Blake was unashamed. He said what was on his mind, forcefully, and without hesitation even when he was wrong. And he paid the consequences.
I was reading Dispatches by Michael Herr yesterday, and I ran across a slight reference that’s still ringing. It was in the form of an observation about the “spooks” behind the Vietnam War, specifically Robert “Blowtorch” Komer.
If William Blake had “reported” to him that he’d seen angels in the trees, Komer would have tried to talk him out of it. Failing there, he’d have ordered defoliation.
The famous incident related by Blake’s first biographer, Alexander Gilchrist, was this:
On Peckham Rye (by Dulwich Hill) it is, as he will in after years relate, that while quite a child, of eight or ten perhaps, he has his “first vision.” Sauntering along, the boy looks up and sees a tree filled with angels, bright angelic wings bespangling every bough like stars. Returned home he relates the incident, and only through his mother’s intercession escapes a thrashing from his honest father, for telling a lie.
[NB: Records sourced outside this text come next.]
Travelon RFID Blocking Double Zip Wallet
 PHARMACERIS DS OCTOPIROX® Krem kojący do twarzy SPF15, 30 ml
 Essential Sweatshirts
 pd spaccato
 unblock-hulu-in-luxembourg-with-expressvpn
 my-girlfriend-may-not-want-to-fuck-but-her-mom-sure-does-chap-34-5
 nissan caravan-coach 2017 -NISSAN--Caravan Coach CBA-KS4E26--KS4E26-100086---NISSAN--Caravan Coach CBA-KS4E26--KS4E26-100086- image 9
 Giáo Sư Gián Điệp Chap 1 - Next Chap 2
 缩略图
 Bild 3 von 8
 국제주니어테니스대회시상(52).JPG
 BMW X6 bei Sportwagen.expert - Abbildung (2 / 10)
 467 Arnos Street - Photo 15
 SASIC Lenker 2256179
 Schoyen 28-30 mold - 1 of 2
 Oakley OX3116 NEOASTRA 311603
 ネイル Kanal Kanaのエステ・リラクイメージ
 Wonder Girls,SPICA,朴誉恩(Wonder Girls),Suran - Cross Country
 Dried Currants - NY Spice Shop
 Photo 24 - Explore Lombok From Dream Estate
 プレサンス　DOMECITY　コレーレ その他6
It isn’t the fact that he saw visions that is the key part here, it is Blake’s insistence on telling everyone about it. He was willing to take the heat. I think he saw scientific rationalization as the agent-orange poised to defoliate the human consciousness; there are mysteries to life, mysteries that can’t be explained away through the three-fold vision of the senses.
That’s where I always reach my impasse. Rhetoric is, by its essential nature, a threefold vision. There’s so much more to say here, and another paper is coming together. I think I’m getting to the core of it, by asking myself what would Blake do?
I don’t want to do what Yeats did. He kept it to himself.
In his Autobiography Yeats constructs an account of hearing spirit voices, much like the story Gilchrist told about Blake. In Yeats’s case, he is afraid to tell people he’s heard them: “I had some wretched days until being alone with one of my aunts I heard a whisper in my ear, ‘What a tease you are!”
Mysteries exist to be told, not to be kept to oneself. That’s what drives me to write I suppose, I listen to those internal voices of thought and spill them out over the side for anyone to hear.
Even if it means that some can’t resist the urge to defoliate my trees.